Type: Programme Metadata

About: Infax is I&A's longest running programme information store. It contains details to programmes running back to 1922, but the data from the early days is very patchy and often given incorrect dates.

Title: PasCs

Type: Production metadata

About: Steve Daly has a database of thousands of scripts and programmes as completed forms from various programmes from 1980 to 2000. They've been scanned in as TIFFs but no OCR or any other form of extraction has been performed on them yet

Title: P4A

Type: Production metadata

About: Acquired footage within programmes, music use within programmes, other production data.


Type: Programme metadata

About: A large number of Post Production Scripts in word or pdf format representing a large chunk of the BBC drama output from 2007-2014. These contain full dialogue, character names, scene description and some timing and music data


Type: Video

About: A large number of .flv viewing copy files of BBC Newsreel programmes from 1948-1959, given to us by the Rewind Project.
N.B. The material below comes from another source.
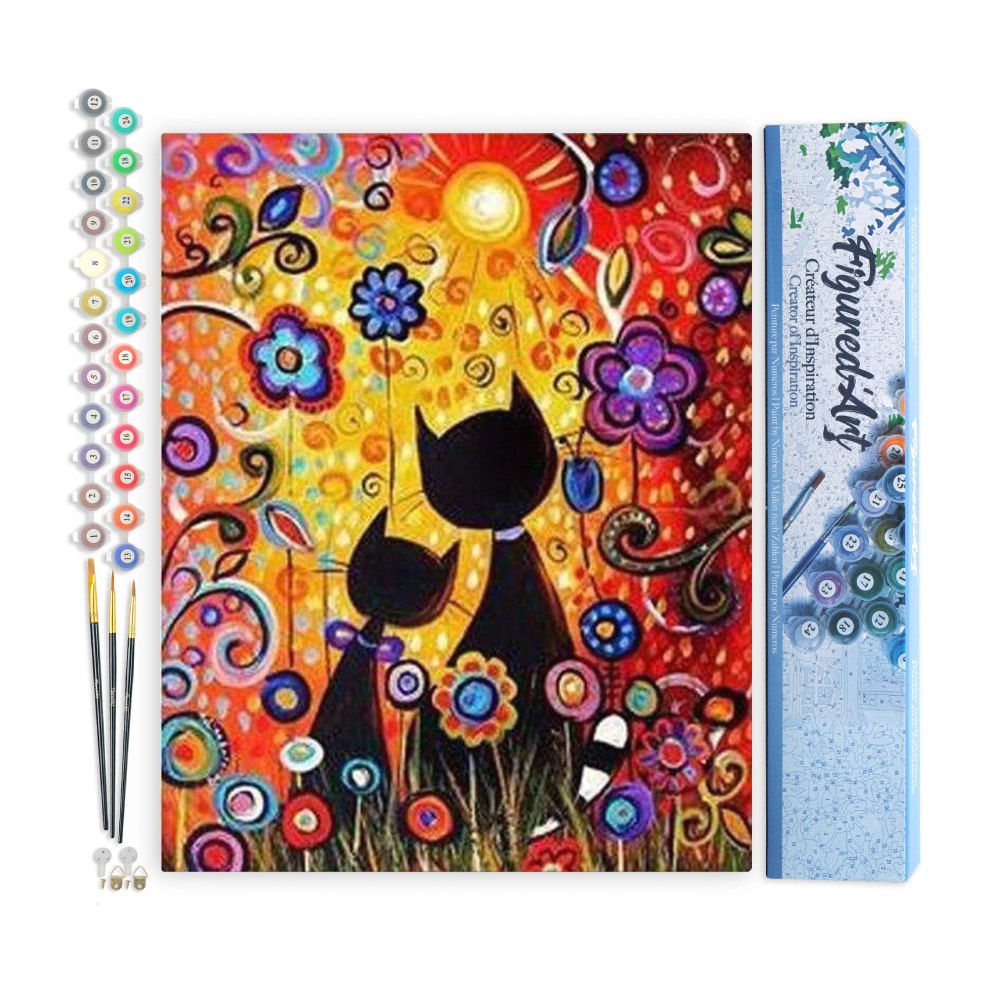 Figured’Art Cartoon Cats painting by numbers 40x50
Title: Radio Permanent Archive Collection

Type: Audio

About: Thousands of radio programmes permanently archived on the open web to anyone via the Radio 4 permanent archive collection. The two biggest programme collections are Desert Island Discs and In Our Time, but there are hundreds of factual and news strands featured.
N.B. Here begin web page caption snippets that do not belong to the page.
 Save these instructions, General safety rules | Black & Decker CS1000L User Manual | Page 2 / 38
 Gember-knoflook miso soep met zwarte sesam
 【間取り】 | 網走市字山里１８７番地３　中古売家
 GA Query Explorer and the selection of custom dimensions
Title: World Service Archive Data

Type: Metadata

About: Machine-generated and user-generated tags for the c.50,000 programmes processed via the World Service Archive project. Programme descriptions (original and user-edited), genres, tx dates.

Title: Home Front Assets

Type: Audio plus metadata

About: All episodes, scripts, scene description, storyline description, character description and associated story structure metadata

Title: Twitter Data Dump

Type: Twitter metadata

About: A full archive of tweets from the Twitter firehose covering a time period of 3 months during 2010. The firehose data includes *all* tweets posted on Twitter, not just the filtered subset you normally get through their APIs.
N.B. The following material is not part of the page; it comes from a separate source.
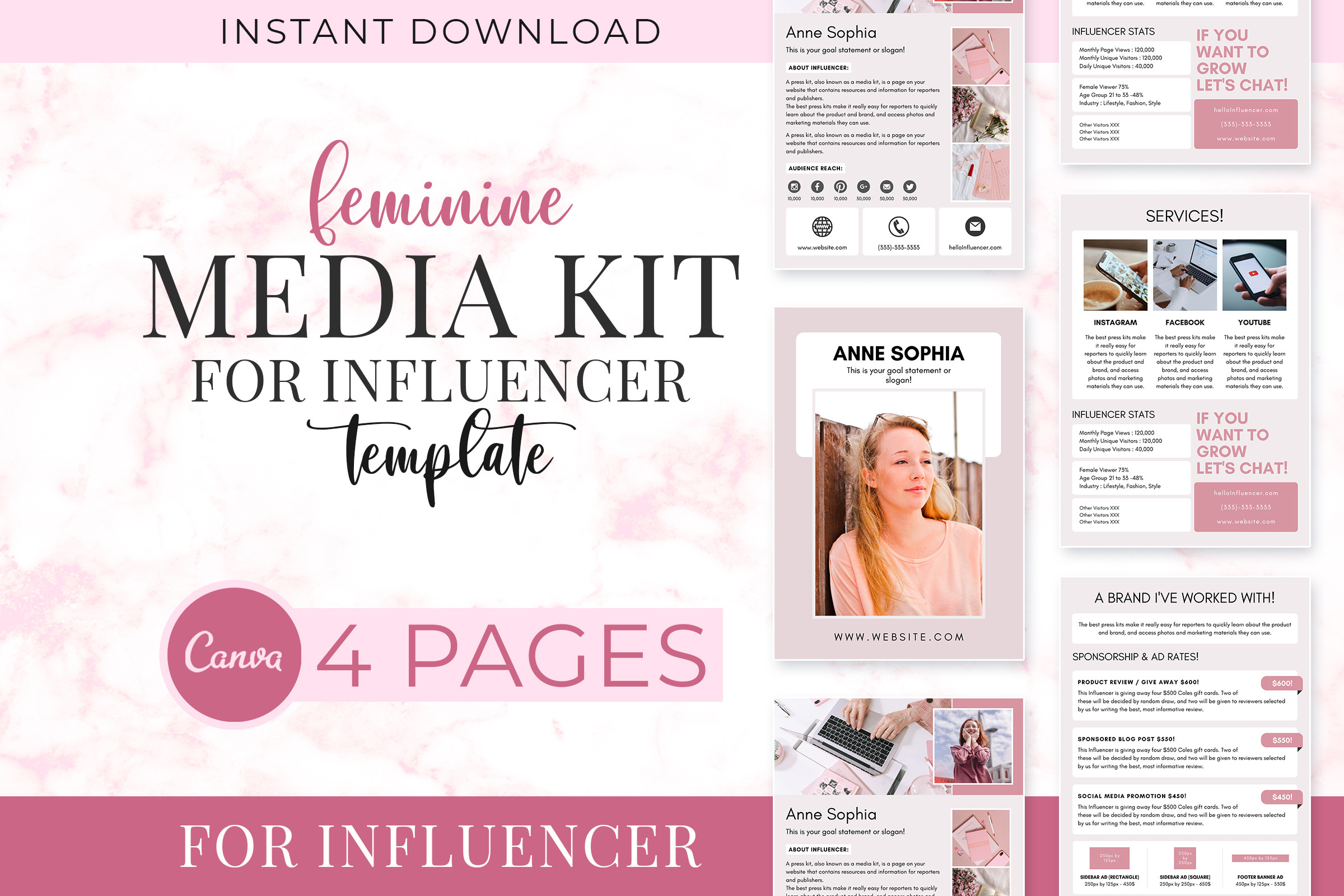 4 Page Media Kit Template Graphic by SnapyBiz · Creative Fabrica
Also potentially (subject to clarification of the legal issues):

News Comments dataset: 20k News and Sport articles with user comments from Facebook

One day’s worth of Radio: A whole day’s worth of BBC Network Radio transcribed and speaker ID’d. Each speaker utterance is transcribed and a name associated with it. Music in and out points are also flagged up. Could be used for Speaker ID, gender detection, speech/music detection etc.

Top 100 Landmarks: List of 100 notable landmarks around the world (e.g. Eiffel Tower, Statue of Liberty) and got a researcher to find half a dozen clips of each one in various TV shows. Could be used for object/landmark detection.

Letter from America Archive: Transcripts, summaries and audio for 1500 odd Letters from America radio shows. Could be used for text to speech/synthetic voice training, cultural/historic analysis, auto summarisation of

BBC CODAM Face recognition Ground truth: 38 politicians/presenters with 6 clips of each person along with the associated programme. Can be used for testing Face recognition systems.

BBC CODAM Credits ground truth: The transcribed credits to 50 programmes taken from the 1960s, 70s, 80s, 90, and 00s (10 from each decade) to be used to test automatic text detection/OCR systems which can allow us to automatically label who’s in a particular archive programme

 Text Spotting Ground truth: 900 stills from various BBC News and factual programmes with their captions accurately transcribed. Could be used for automatic text detection/OCR research.